Two years after 276 girls were kidnapped from their school in the northeastern Nigerian town of Chibok by the Boko Haram extremist group, the vast majority of them remain missing.

The vanished girls are not the only ones abducted by the militants, never to be seen by their families again.

Amnesty International, a human rights organization, estimates that at least 2,000 other women and girls have been seized by extremists over the last few years. The United Nations Children’s Fund thinks 2.3 million people have been displaced by the Boko Haram insurgency in Niger, Nigeria, Cameroon and Chad, with 1.3 million of them children.

“At least 10 times more children than the schoolgirls from Chibok have been abducted,” Laurent Duvillier, spokesman for Unicef in west and central Africa told Paste BN on Thursday.

A video obtained by CNN and released Wednesday appeared to show some of the abducted Chibok girls. The broadcaster said the video, which is believed to have been made in December, was sent to negotiators by Boko Haram as proof that the girls were alive.

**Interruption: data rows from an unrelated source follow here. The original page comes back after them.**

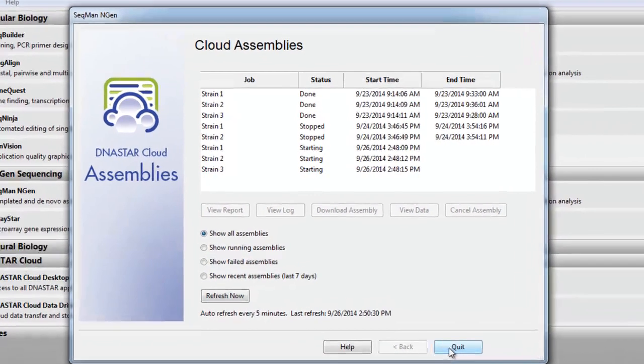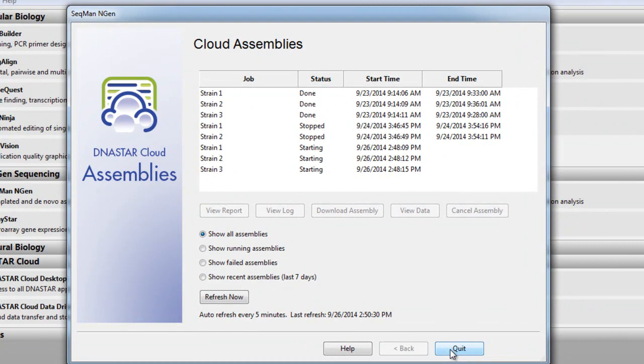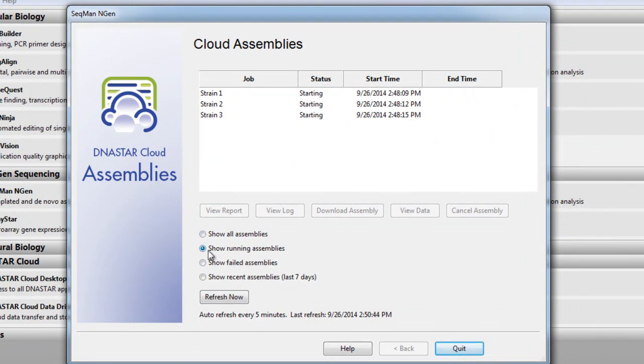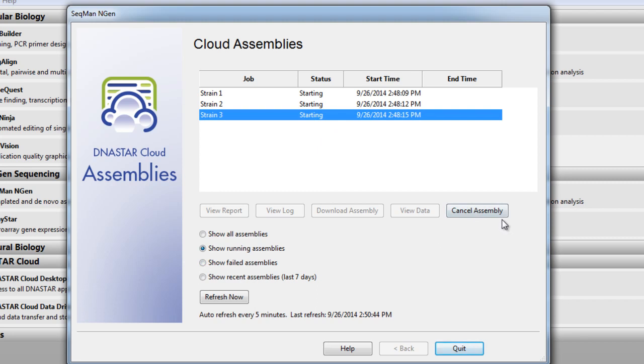So here we can then choose to look at all our assemblies, only those that are running, ones that have failed, and other recent assemblies. We can also choose to cancel assemblies that are running from this screen if desired.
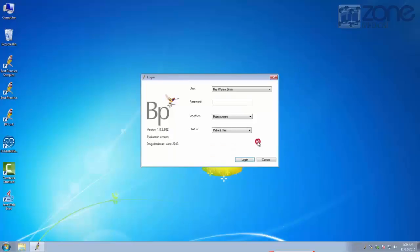You can then log in to Best Practice with your username and password, and you can choose a location.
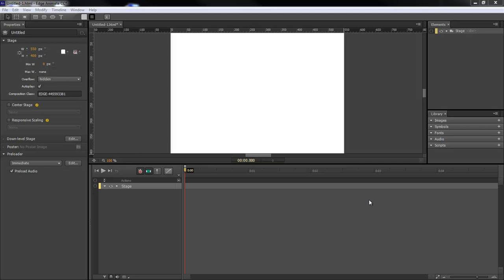And basically what that means is that if your images or your animation is huge and your page is huge then responsive scaling is going to make it so that it will fit on the page so you can either have it on a big screen or on a smaller screen.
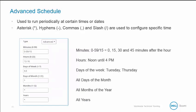You can use advanced syntax to create a schedule to run periodically at certain dates and times. To access the advanced mode, you can select it from the type dropdown. Placing an asterisk in a field indicates a schedule would run every minute, hour, day of the week, day of the month, month, or year.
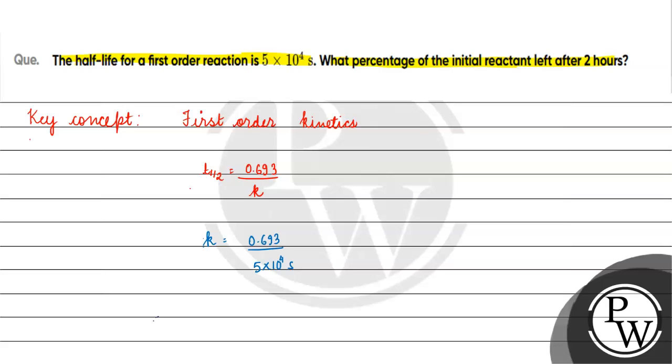We know that for first order kinetics, what is the rate constant? It will be 2.303 by t log with the base 10 a0 by a.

Boko Haram kidnapped the children from the Government Girls Secondary School on the night of April 14, 2014. Some escaped but 219 remain missing. The hashtag #BringBackOurGirls gripped the world on social media, but to no avail.

“We don’t know where they (the Chibok girls) are, said Duvillier. “There are many possibilities.”

Theories include that they might have been sold, or have crossed borders into neighboring countries.

“Based on testimonies from other women and girls who were abducted, there’s a high probability they’ve been through some forms of exploitation and abuse — sexual abuse or child labor,” Duvillier added.

Many other women and children have been abducted in the past two years but the world has not paid much attention to their plight, he said. Unicef says boys kidnapped by the militants are forced to attack their own families, and some children are used as suicide bombers.

On the anniversary of their abduction, M.K. Ibrahim, director of Amnesty International Nigeria, called on Nigeria’s government to do more to bring back the girls, protect civilians and ensure that children in northeastern Nigeria can go to school.

“In addition to the Chibok schoolgirls, today we also remember all those abducted, killed and displaced. Two years on, the Chibok girls have come to symbolize all the civilians whose lives have been devastated by Boko Haram,” he said.

“In light of new testimonies, bringing back the girls is not enough. What we see today is many girls and women that were abducted and sexually enslaved,” Duvillier said.

Duvillier said the rejection of survivors by their communities makes them three-time victims – during their abduction, their captivity and when they return home.

“They’re seen as Boko Haram wives, (some with) Boko Haram babies, by their own relatives,” he said. “Now it’s time to close the chapter, bring them home. Accept them. If you reject them, Boko Haram has defeated you. Don’t let them win.”